The CW on the provisions of the Affordable Care Act expanding Medicaid at federal expense, famously made voluntary by the U.S. Supreme Court, has always been that the fiscal and moral logic of free money for expanded health coverage would be too compelling to pass up even for conservative Republican governors and state legislators, who would also be under intense pressure from health care providers in their states. It’s safe to say that assumption (which for the record I never shared) was drastically wrong, at least during the first round of state decisions on Medicaid expansion.

But recently there’s been evidence of a thaw in state-level Republican resistance to the idea of a Medicaid expansion, so long as the Obama administration continues to go the extra mile in giving states waivers to mess around with Medicaid generally in exchange for accepting the free money. And so the CW has resumed its old confidence; soon an expanded Medicaid will be pretty much everywhere, right?

Well, maybe not. As Politico‘s Sarah Wheaton reports today, Republican state-level gains in this last midterm election have created counter-pressure that could not only halt any emerging trend towards acceptance of the Medicaid expansion, but could actually roll it back in states that have already adopted it.
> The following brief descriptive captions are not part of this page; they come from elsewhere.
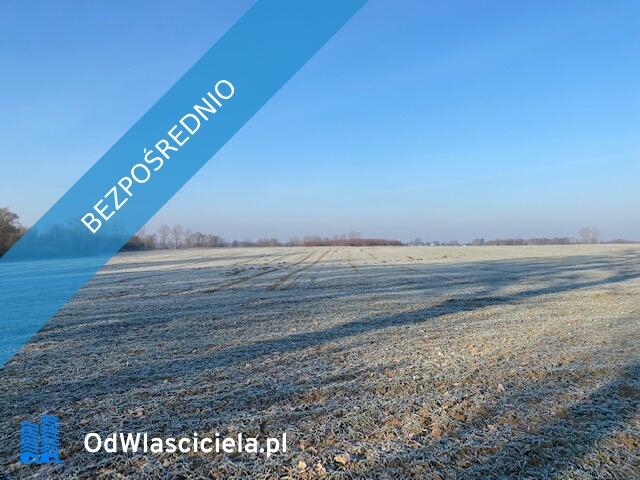 Syndyk sprzeda Nieruchomości w Sownie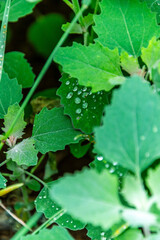 Flora con gotas de agua en la Corujera, Tenerife.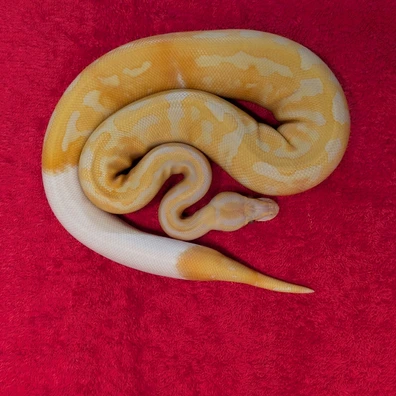 Dreamsicle
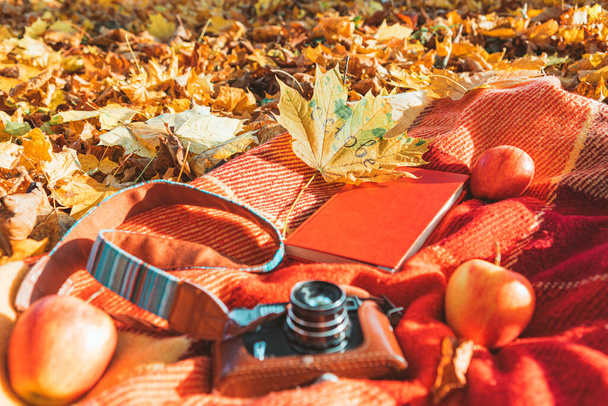 Decke mit Buch und alter Retro-Kamera auf dem Boden im Herbst öffentlichen Park. Kopierraum - Foto, Bild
A handful of Republican governors said that after the November elections, they’d be open to taking billions of federal dollars to cover millions of their low-income residents under the Affordable Care Act Medicaid expansion. Instead, Medicaid faces possible retrenchment after a Republican tide swept emboldened Obamacare foes into every level of government.

Arizona and Arkansas, for instance, seemed like the top trophies in the expansion push. But the governors who embraced that part of Obamacare are gone, and hundreds of thousands of people could be stripped of their coverage if their successors don’t show the same zeal to defend it.

And the handful of Republican governors who are eyeing some form of expansion face roadblocks. For instance, Mike Pence of Indiana, a potential 2016 presidential contender, is attaching conservative policy elements unacceptable to the Obama administration. His potential 2016 rival John Kasich did expand Medicaid in Ohio but now must whip Republican support to keep it going. The governors of Tennessee, Utah and Wyoming all released proposals, as promised, after the elections. But so far in the two Western states, legislators are balking at taking on any part of Obamacare, even if the feds pick up the tab.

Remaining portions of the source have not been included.